Friday, August 15, 2008

Yesterday, I was raped, man-raped...


By 3 O’ Clock (ET) we will have our press conference where we see a dead Bigfoot. Tell me I’m the only one who’s got the slightest bit of a chub going…

Last night I actually watched the Olypics for about an hour (oh God, maybe 2) and saw this incredible Michael Phelps. He’s every bit of the nasty that the media hypes him to be. With an iPod in his ear until it’s time to jump in the water, I like that. While he was cut up, Kevin and I couldn’t help but notice that his partner (I want to call him Costigan) was a bit of a chubster. Like an everyman who was in the crowd until someone yelled “Our other American is injured! Won’t one of you fans come down here and swim for your country?!” Lucky him, he just happened to be wearing a Speedo. With all the medals that Phelps has/is winning, the other has got to be shrooming while there. Who’s paying attention to him? I can’t really remember his name. But then again, who the f*ck am I? Not an Olympian that’s for sure.

Might sound crazy, but as a man who has music playing in his ears/head 99% of the time, silence is beautiful.
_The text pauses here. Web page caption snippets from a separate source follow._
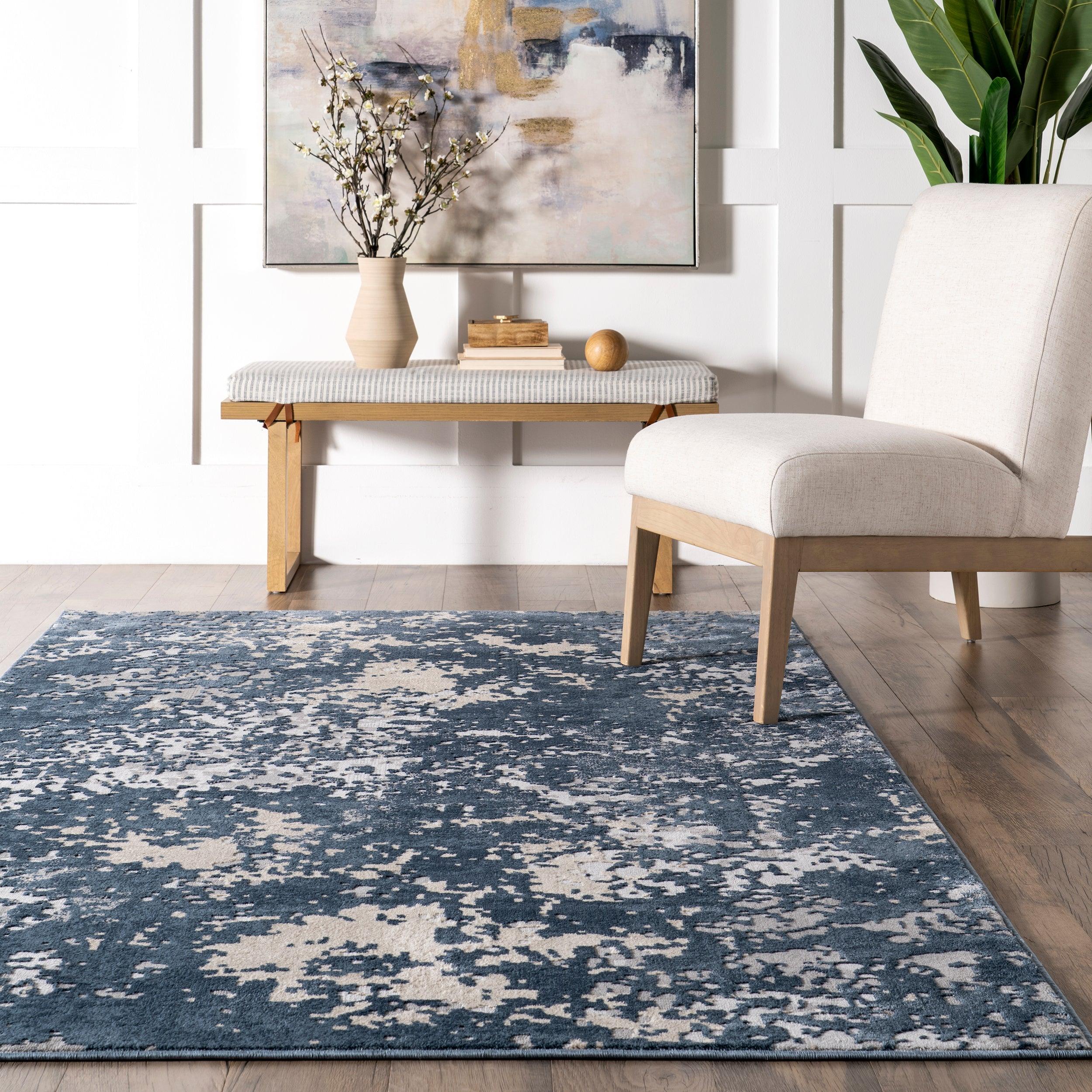 Chastin Modern Abstract Area Rug - Remutear
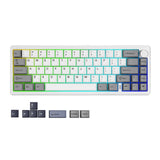 YUNZII AL68 Silver Wireless Custom Mechanical Keyboard
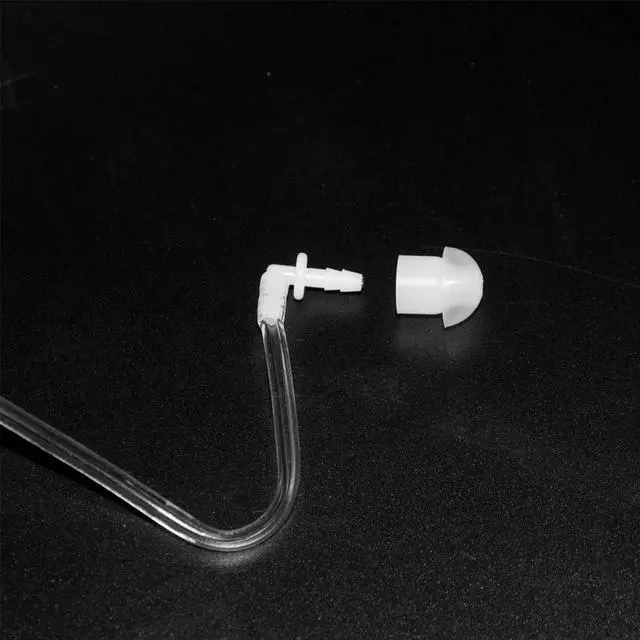 Alt view image 5 of 7 - HYS Receiver/Listen ONLY Surveillance 3.5mm Headset Earpiece with Clear Acoustic Coil Tube Earbud for Two-Way Radios, Transceivers and Radio Speaker Mics Jacks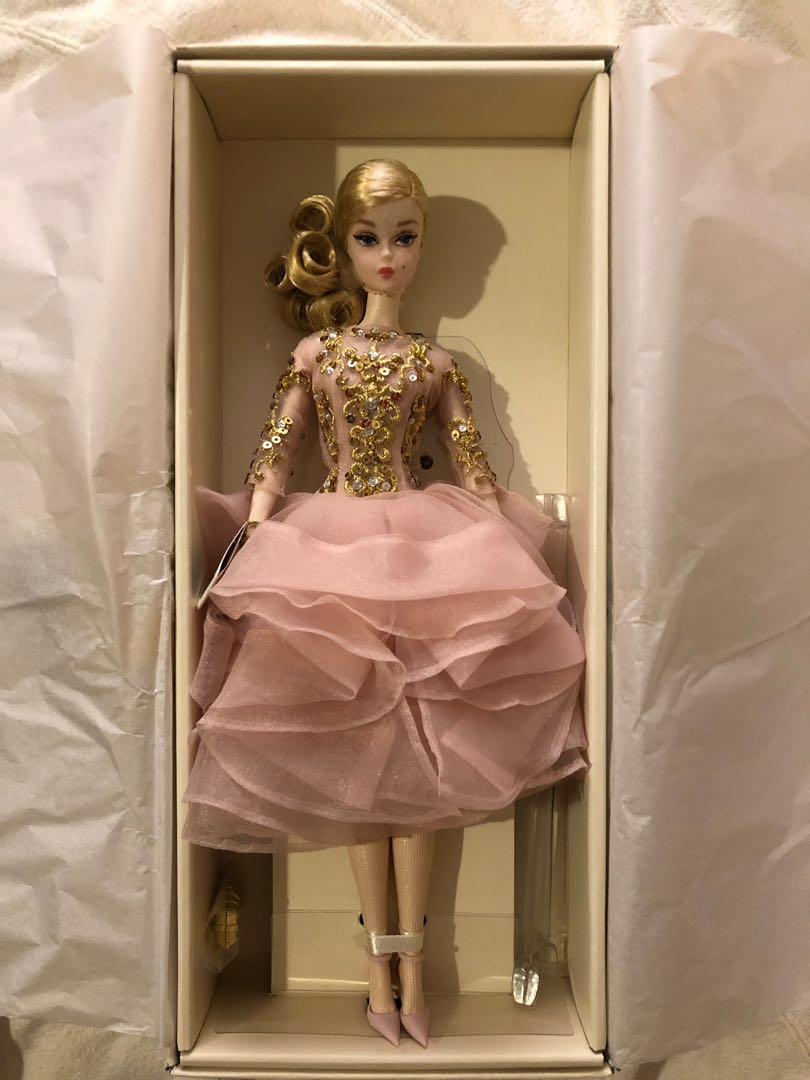 Blush /& Gold Cocktail Dress Silkstone Doll Barbie Fashion Model Collection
Not the silence you all are thinking of, but when it’s so loud that for a moment I shut it all out and time itself has weight. Similar to making eye contact with the squirrel you want to move out of your wheels direction or remembering something you used to love as a child that hadn’t crossed your mind “in forever”. A whisper can send a shock wave up your spine depending on who’s breath is on your neck. Sorry, felt in a real mellow mood for a minute there. Back to whatever the F this is…
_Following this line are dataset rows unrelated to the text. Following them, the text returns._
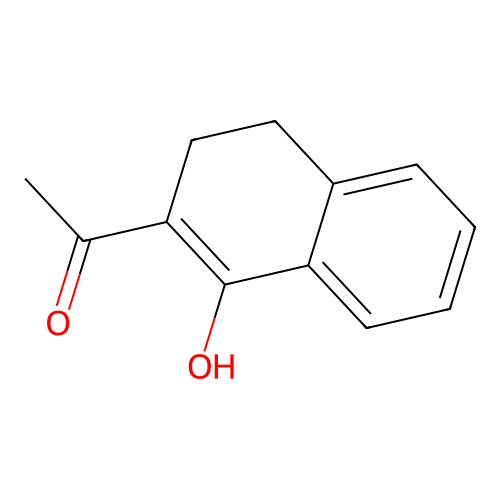1-(1-Hydroxy-3,4-dihydronaphthalen-2-yl)ethanone structure
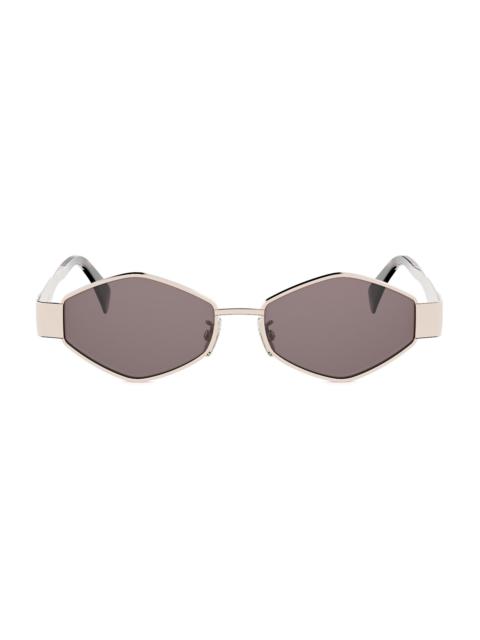 CELINE Men's Triomphe 54MM Metal Sunglasses - Rose Gold Smoke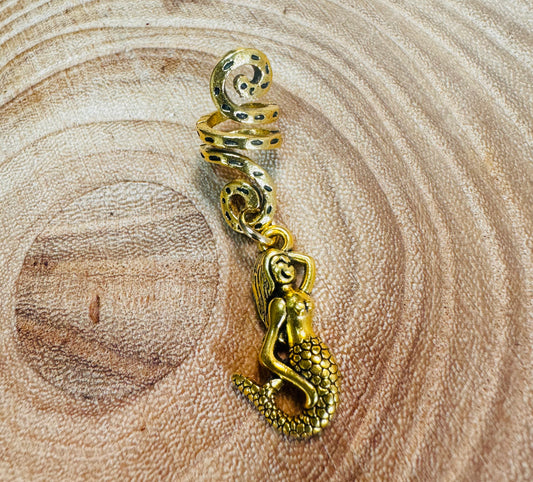 Antique Golden Hair Spiral Mermaid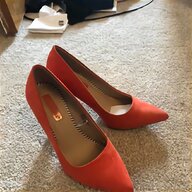 orange kitten heel shoes for sale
One day, will we speak of Jim Carrey like we speak of Steve Martin. Hopefully, Jim Carrey’s name won’t become synonymous with “I ain’t going to see that $#!T”, like Steve Martin.

I just saw one of the finest Filipino women I’ve ever seen. That is all.
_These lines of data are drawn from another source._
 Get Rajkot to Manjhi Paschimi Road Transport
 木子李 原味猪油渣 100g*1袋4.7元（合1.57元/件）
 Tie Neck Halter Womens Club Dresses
I just thought back on one of the ruder things I’ve done over the last few years. There was a girl named who Adrian who I used to work with that looked exactly (and I mean it with every bone in my body) like RuPaul. If you don’t know who that is “Google that $#!T”, for everyone else… One day we were making jokes and I let her know that she looked like him. Not flattering for a woman, I guess, but I was so intent on proving my point I turned to the world wide web. Remember when people called it that? I pulled up a picture of RuPaul and clipped her picture from a website to compare it to. After about 10 people agreed, laughing hysterically, she seemed on the verge of tears and pretty upset. I wish I’d taken the time to laugh but back then I wasn’t completely cold to other people’s emotions. If only I had another chance, I’d make that $#!T into a t-shirt.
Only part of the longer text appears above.